- **TASK GOAL**:
Where the listing below has a line with "Блайзочки на природе", write out exactly that line and every line after it, stopping after the line with "My baby after her grooming appointment".

%%

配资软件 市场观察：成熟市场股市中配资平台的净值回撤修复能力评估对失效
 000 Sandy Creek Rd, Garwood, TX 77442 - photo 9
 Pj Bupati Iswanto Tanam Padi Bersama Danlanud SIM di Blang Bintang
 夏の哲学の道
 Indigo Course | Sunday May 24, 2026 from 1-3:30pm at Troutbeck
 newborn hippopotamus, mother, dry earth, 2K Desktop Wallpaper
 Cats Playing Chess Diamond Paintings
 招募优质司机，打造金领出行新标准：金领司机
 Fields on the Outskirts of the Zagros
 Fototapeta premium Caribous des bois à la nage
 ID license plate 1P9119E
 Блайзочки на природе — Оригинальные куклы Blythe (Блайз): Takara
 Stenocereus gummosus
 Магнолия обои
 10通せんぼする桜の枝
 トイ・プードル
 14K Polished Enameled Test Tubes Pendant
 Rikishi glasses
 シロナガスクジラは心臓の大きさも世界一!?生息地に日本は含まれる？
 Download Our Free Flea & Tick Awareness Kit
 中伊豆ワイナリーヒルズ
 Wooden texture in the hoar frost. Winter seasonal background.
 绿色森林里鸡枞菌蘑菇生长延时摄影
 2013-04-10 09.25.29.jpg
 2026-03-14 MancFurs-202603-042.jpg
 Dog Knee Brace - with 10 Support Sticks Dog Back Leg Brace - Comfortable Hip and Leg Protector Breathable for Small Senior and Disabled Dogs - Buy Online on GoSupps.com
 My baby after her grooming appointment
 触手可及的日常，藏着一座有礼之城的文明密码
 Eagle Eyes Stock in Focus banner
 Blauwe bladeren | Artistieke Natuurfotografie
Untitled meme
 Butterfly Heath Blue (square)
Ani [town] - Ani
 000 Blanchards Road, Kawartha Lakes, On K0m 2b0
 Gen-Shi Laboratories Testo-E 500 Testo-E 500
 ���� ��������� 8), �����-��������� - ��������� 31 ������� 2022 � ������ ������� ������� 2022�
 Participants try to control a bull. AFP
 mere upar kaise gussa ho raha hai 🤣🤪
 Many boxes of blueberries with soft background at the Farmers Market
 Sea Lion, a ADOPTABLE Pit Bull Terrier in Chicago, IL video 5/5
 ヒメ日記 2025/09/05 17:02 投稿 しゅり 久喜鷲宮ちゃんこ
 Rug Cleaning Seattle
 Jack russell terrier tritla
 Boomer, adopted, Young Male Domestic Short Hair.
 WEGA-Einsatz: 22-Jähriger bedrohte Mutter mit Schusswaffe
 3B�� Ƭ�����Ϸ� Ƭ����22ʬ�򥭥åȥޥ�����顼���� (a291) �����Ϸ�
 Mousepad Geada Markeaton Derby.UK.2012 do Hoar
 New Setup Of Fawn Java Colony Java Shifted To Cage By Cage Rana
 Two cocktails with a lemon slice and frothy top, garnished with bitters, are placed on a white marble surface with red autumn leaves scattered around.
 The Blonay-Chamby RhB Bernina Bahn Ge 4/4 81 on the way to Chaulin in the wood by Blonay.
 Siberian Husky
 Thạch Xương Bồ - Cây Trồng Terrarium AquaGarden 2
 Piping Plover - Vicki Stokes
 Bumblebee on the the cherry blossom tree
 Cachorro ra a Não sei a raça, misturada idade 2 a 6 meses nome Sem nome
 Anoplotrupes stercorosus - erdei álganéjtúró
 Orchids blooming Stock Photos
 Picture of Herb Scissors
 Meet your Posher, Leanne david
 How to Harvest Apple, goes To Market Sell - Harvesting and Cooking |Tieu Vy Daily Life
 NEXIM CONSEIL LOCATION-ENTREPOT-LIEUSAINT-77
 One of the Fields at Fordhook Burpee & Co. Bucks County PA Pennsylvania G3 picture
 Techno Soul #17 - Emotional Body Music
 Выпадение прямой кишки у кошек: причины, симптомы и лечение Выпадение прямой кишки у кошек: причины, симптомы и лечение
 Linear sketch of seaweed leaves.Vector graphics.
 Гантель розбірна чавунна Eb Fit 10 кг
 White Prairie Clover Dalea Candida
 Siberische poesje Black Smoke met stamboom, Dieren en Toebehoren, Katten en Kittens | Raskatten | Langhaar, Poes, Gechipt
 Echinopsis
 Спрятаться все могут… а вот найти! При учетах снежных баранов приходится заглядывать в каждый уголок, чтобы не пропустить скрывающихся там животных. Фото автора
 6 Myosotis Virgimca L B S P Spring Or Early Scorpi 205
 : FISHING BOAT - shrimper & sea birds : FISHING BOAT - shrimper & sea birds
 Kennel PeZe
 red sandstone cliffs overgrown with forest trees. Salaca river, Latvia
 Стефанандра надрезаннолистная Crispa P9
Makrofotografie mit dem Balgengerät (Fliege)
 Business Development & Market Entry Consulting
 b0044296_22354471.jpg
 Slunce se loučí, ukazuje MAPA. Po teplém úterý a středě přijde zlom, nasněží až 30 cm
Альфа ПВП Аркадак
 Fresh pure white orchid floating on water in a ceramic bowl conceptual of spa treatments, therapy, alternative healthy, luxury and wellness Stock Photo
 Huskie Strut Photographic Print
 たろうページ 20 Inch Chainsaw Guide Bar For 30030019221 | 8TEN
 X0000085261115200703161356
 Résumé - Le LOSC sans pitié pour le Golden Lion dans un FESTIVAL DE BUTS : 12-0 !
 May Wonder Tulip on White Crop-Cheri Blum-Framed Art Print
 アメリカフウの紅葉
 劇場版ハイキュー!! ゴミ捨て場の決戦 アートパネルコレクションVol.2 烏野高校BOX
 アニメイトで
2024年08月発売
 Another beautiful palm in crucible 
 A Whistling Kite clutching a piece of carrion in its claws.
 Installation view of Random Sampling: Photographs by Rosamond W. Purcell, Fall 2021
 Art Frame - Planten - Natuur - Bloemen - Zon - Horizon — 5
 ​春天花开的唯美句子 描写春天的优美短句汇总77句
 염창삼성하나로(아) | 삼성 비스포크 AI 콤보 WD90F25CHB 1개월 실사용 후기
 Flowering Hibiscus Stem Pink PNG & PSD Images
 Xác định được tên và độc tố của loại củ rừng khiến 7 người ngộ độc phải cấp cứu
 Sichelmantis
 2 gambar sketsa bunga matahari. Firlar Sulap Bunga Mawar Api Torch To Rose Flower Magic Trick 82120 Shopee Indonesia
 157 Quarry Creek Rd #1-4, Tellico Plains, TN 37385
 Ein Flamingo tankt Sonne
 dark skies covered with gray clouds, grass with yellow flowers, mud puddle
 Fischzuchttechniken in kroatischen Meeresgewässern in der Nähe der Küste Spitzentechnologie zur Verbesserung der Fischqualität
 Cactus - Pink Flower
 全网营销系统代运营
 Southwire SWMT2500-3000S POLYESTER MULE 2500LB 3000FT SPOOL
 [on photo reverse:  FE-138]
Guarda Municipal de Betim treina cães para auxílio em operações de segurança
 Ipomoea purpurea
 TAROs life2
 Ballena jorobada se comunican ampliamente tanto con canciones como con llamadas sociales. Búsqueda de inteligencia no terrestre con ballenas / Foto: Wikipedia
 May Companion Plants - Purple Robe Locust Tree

%%

- **RESULT**:
 Блайзочки на природе — Оригинальные куклы Blythe (Блайз): Takara
 Stenocereus gummosus
 Магнолия обои
 10通せんぼする桜の枝
 トイ・プードル
 14K Polished Enameled Test Tubes Pendant
 Rikishi glasses
 シロナガスクジラは心臓の大きさも世界一!?生息地に日本は含まれる？
 Download Our Free Flea & Tick Awareness Kit
 中伊豆ワイナリーヒルズ
 Wooden texture in the hoar frost. Winter seasonal background.
 绿色森林里鸡枞菌蘑菇生长延时摄影
 2013-04-10 09.25.29.jpg
 2026-03-14 MancFurs-202603-042.jpg
 Dog Knee Brace - with 10 Support Sticks Dog Back Leg Brace - Comfortable Hip and Leg Protector Breathable for Small Senior and Disabled Dogs - Buy Online on GoSupps.com
 My baby after her grooming appointment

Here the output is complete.